Baptism
I love that I can remember my baptism. In some faith traditions, it is crucial that children be baptized as infants. In others, it is only when one becomes an adult that they can be baptized. In our tradition as Presbyterians, it does not matter if you are 1 day old or 100 years old--it is the holiness of the moment that matters as well as all of those both before and after it. You see, for us, baptism is a sign and a seal of something that happened before you were ever born, before you were in the womb even; God loved you and called you by name. You are saved by God's grace before you can even claim it for yourself because God is always, always reaching for you.
My parents decided that they would let me choose if and when I would be baptized. I think this taught me that my relationship with Christ is personal and something that I need to believe in because of my own heart, not because of someone else's choice. But, being part of a loving congregation taught me that my relationship with Christ is also communal, because you need the community to guide and teach you in the faith. You need the community to be present as you ask hard questions and interpret the Scriptures. And so it was that as my relationship with the church I was intending was forged--so was my relationship with Christ.
After my grandfather died and I attended Montreat for the first time-I knew that I wanted to be baptized for certain. Rev. Bill Buchanan baptized me on August 15, 1999. It was his first baptism which creates a special bond for us I think. My dear friend and elder, Jo Carson stood beside me, smiling her gorgeous smile of encouragement. Bedford Presbyterian has large, clear windows that while shaded by shutters, let in shafts of summer sunlight. I remember the bright morning sun beaming on the mint green carpet at my feet. My family and friends sat in pews in front of me. And I truly felt that I had people who loved both before and behind me. The choir sat robed in maroon in the choir loft behind me (don't touch the brass railing please) and youth sat above me in the balcony (don't let the golf pencils roll off the edge please). I remember the water being cool on my head, warmed by Bill's hand as he pressed down on me in the name of the Father, Son, and Holy Spirit. I remember the calm in Bill's voice and the smile in his eyes.

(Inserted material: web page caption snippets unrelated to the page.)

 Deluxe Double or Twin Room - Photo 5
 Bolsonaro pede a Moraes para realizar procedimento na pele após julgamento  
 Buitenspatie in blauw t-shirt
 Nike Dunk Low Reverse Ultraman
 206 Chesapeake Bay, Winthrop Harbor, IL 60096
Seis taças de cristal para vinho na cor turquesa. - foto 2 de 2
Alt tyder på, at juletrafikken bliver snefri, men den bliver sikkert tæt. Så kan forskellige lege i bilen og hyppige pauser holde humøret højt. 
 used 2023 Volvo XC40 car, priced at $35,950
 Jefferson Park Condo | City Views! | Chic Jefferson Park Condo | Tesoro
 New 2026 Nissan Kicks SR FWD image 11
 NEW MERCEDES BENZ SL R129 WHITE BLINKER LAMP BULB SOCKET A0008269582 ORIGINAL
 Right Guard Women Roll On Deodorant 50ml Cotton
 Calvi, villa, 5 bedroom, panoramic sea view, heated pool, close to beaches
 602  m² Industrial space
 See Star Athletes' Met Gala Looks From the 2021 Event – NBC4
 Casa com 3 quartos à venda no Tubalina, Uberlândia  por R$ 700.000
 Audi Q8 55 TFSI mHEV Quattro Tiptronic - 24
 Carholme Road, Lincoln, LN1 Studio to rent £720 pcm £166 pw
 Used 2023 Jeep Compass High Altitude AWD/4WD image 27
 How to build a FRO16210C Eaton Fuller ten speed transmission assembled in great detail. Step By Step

We had a party that day at home, after worship. Why wouldn't we? Neighbors, church families, close friends, and teenagers piled plates high and scattered around the house in fellowship. Gertie, our basset hound wove her way in and out of legs, hoping to catch some fallen scraps. As she exited through the doggie door, so did Bill and Aimee's daughter, Elli-in close pursuit.
I was given a Teen Study Bible in a sturdy zipper case. Since that time treasured scraps of tangible faith have been folded between the pages and stuffed in side pockets. There is a letter there from my friend John, who wrote to me when my grandfather died. There is a little packet of confetti from when we attended a Millennium youth conference in Indianapolis. There are pictures from that trip as well as ones from Montreat and Massanetta. The pages are highlighted with Scriptures that mean the most to me and bookmarked with quotes or lyrics that spoke to my teenage heart. There's a swatch of terrycloth to remind me of my baptism. The first of my Montreat wristbands. So many other baubles and notes that I can scarcely zip the thing much less carry it anywhere. But, if I am looking to the Bible for solace and not for study...this is still the Bible to which I turn.
I guess we never forget our roots and these are mine.